Camera Only

Overview

The Camera Only perception system provides vision-based cone detection using YOLO object detection models combined with Intel RealSense depth cameras. This module processes RGB-D (color + depth) images to detect cones and determine their 3D positions relative to the vehicle.

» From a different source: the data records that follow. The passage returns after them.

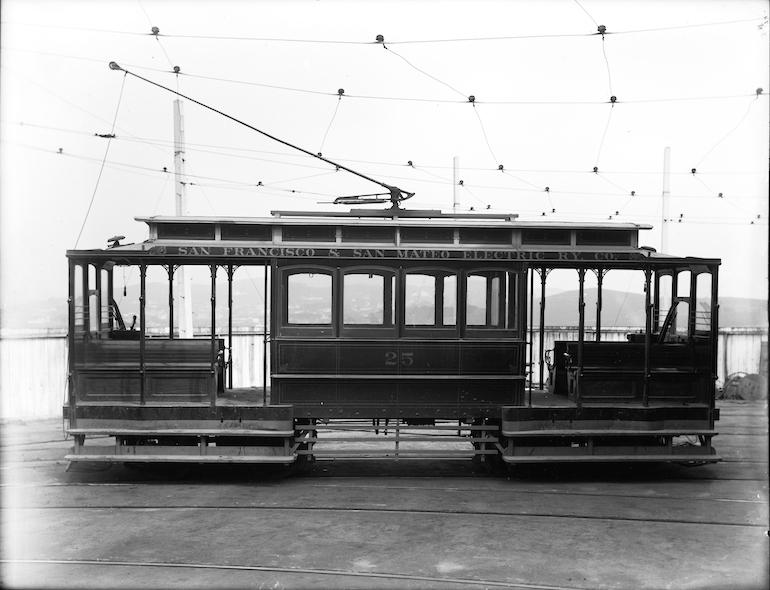 Black and white side view of an early electric streetcar numbered 25 with overhead trolley pole, circa 1903.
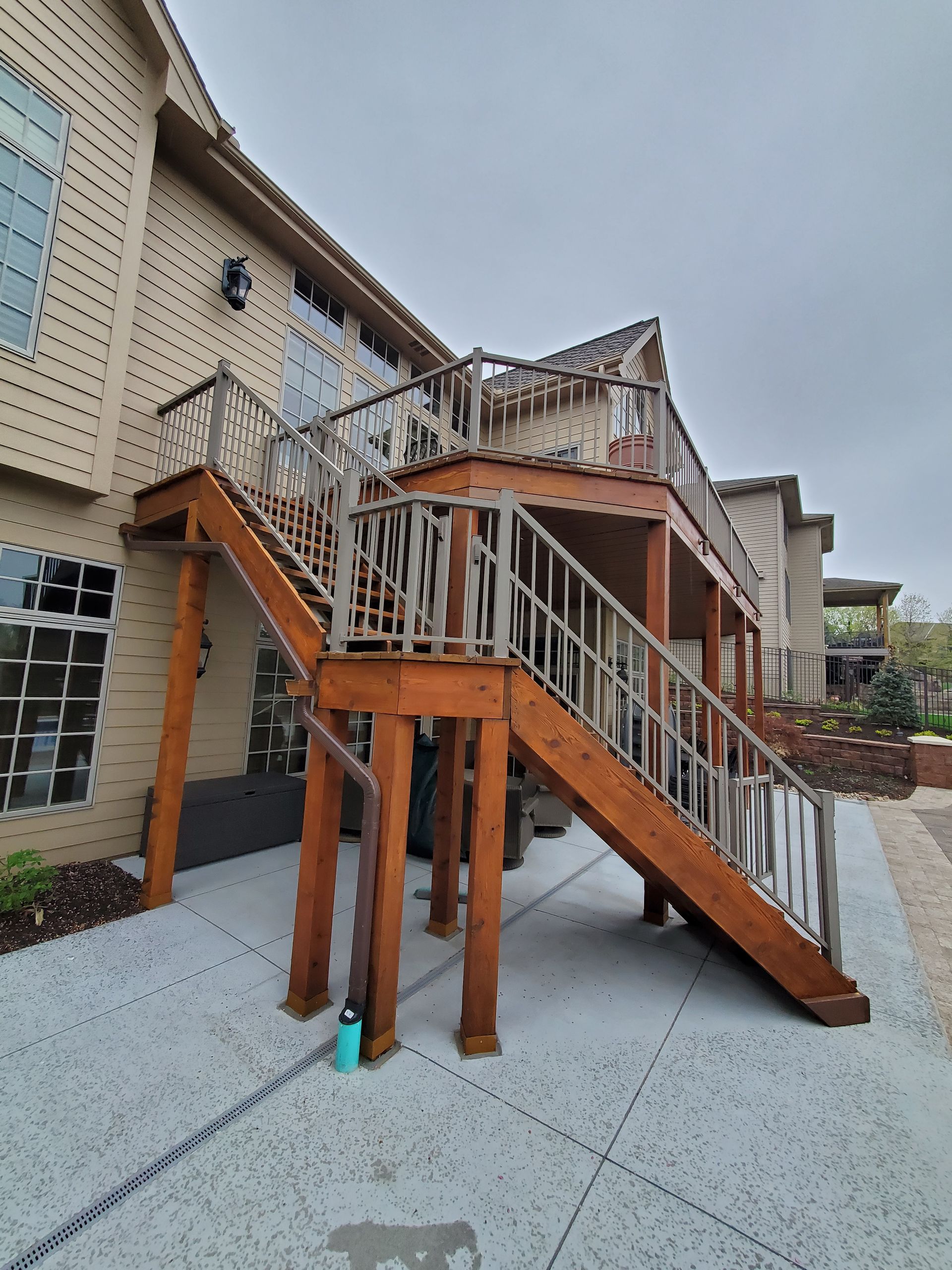 A large wooden deck with stairs leading up to it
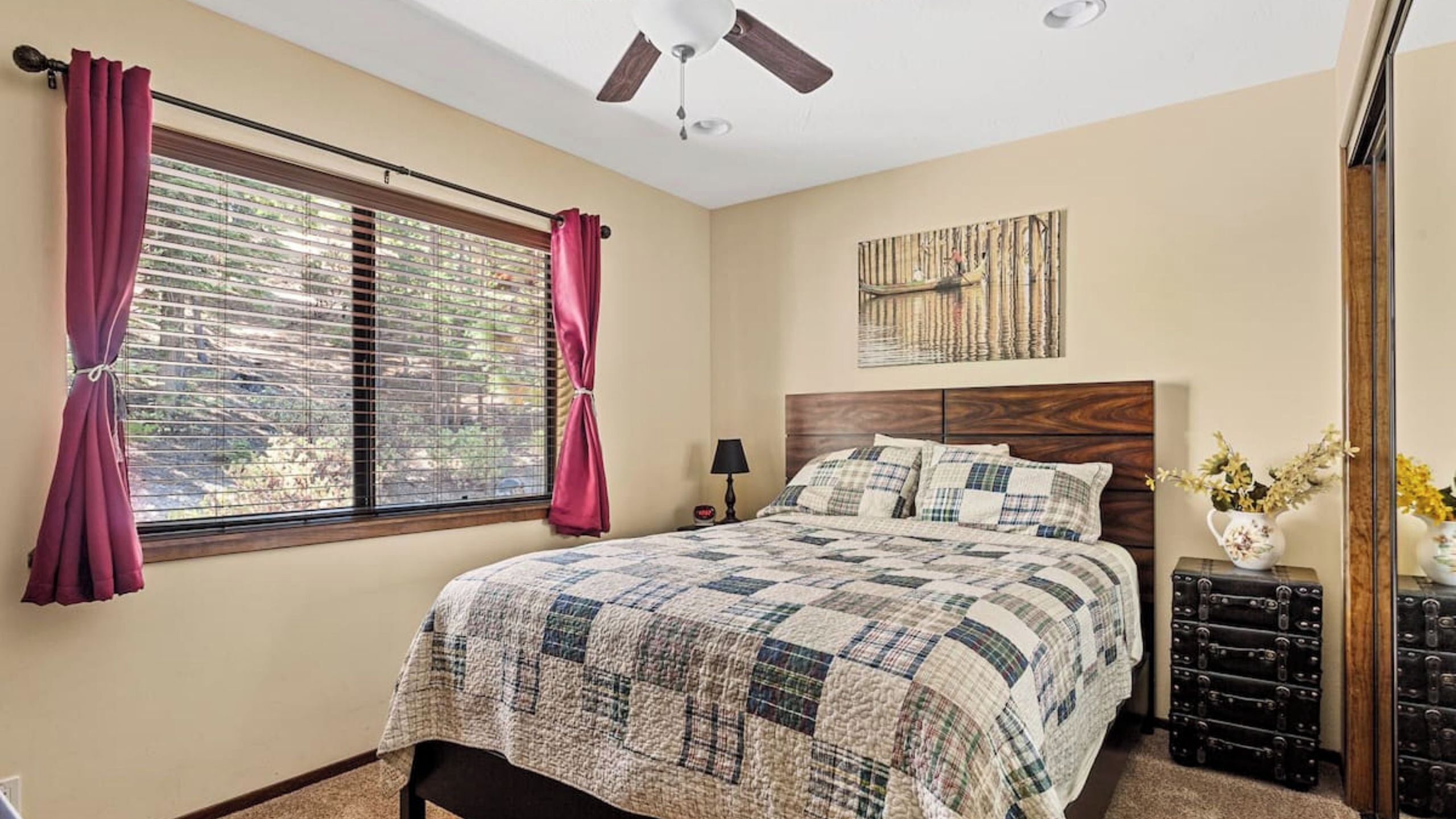 A bedroom with a bed, a ceiling fan, a window with blinds, a nightstand, a lamp, and a wall-mounted artwork.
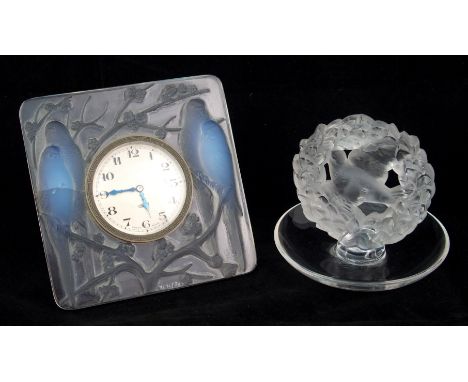 A Rene Lalique "Inseperables" moulded opalescent glass desk clock and Lalique moulded frosted and clear glass pin dish the cl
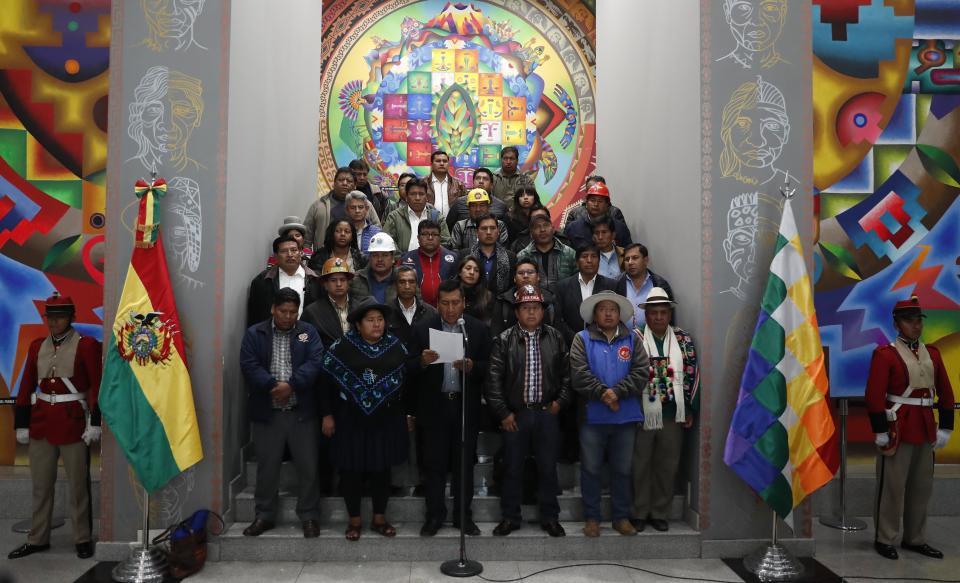 Social leader Freddy Mamani, accompanied by other social leaders who support President Evo Morales, reads a document where they announce their mobilization to defend the official results of Sunday’s general election, at the Presidential Palace in La Paz, Bolivia, Tuesday, Oct. 22, 2019. Rioting broke out in parts of Bolivia among opponents of President Evo Morales after electoral authorities announced that a resumed vote count after a day-long delay put the leader close to avoiding a runoff in his bid for a fourth term. (AP Photo/Jorge Saenz)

Historical Note: The system originally used a single camera setup, but the field of view (FOV) was not large enough to adequately cover the track width and detect cones on both sides. The dual camera configuration significantly improves lateral coverage and detection reliability.

System Architecture

The dual camera system uses two Intel RealSense depth cameras:

Left Camera (D435i): Positioned on the left side of the vehicle, mounted upside down
Right Camera (D435): Positioned on the right side of the vehicle

Each camera independently:

Captures RGB color images
Captures aligned depth images
Runs YOLO-based cone detection on color images
Uses depth data to compute 3D cone positions
Publishes detected cones with color classification

Dual Camera Node

The DualCamera class manages both cameras and performs synchronized processing.

Key Features

Independent Processing: Each camera processes its data stream independently
YOLO Segmentation: Uses YOLO model with instance segmentation for precise cone detection
Depth Integration: Combines segmentation masks with depth data for 3D localization
Color Classification: Detects and classifies blue and yellow cones
Confidence Filtering: Only publishes detections above configurable confidence threshold
Visualization Support: Optional depth overlay and visualization outputs

ROS Topics

Subscribed Topics:

Topic	Type	Description
/camera/realsense_imu/color/image_raw	sensor_msgs/Image	Left camera RGB image
/camera/realsense_imu/aligned_depth_to_color/image_raw	sensor_msgs/Image	Left camera depth image aligned to RGB
/camera/realsense2/color/image_raw	sensor_msgs/Image	Right camera RGB image
/camera/realsense2/aligned_depth_to_color/image_raw	sensor_msgs/Image	Right camera depth image aligned to RGB

Published Topics:

Topic	Type	Description
/realsense/d435i/cones	ConesCartesian	Left camera cone detections
/realsense/d435/cones	ConesCartesian	Right camera cone detections
/perception_cones_viz	PointCloud	Visualization of detected cones

Processing Pipeline

For each camera, the processing pipeline follows these steps:

Image Reception

Color and depth images are received via ROS subscriptions. Processing only occurs when both images are available.
YOLO Detection

The color image is passed through a YOLO model to detect cone instances with segmentation masks.

Depth Extraction

# For each detected cone segmentation mask:
# 1. Extract depth values within the mask
depths = depth_image[mask == 1]

# 2. Back-project pixels to 3D camera coordinates
pixels = np.vstack((u, v, ones))
camera_coords = (inv_K @ pixels) * depths

# 3. Compute median position
cone_position = np.median(camera_coords, axis=1)

Coordinate Transform

Camera coordinates are converted to vehicle frame:
- X (forward): Camera Z-axis
- Y (left): Camera X-axis
- Z (up): Camera Y-axis (not published)
Color Classification

YOLO class outputs are mapped to FEB color codes:
- Blue cones (class 8) → color = 2
- Yellow cones (class 1) → color = 1
- Other cones → color = 0
Publishing

Cone detections are published as ConesCartesian messages with timestamp and evaluation time.

Configuration Parameters

From CameraOnlySettings:

Parameter	Description
yolo_minimum_confidence	Minimum YOLO confidence threshold for detections (e.g., 0.5)
publish_visual	Enable/disable visualization publishing
dual_camera	Enable dual camera mode (vs single camera)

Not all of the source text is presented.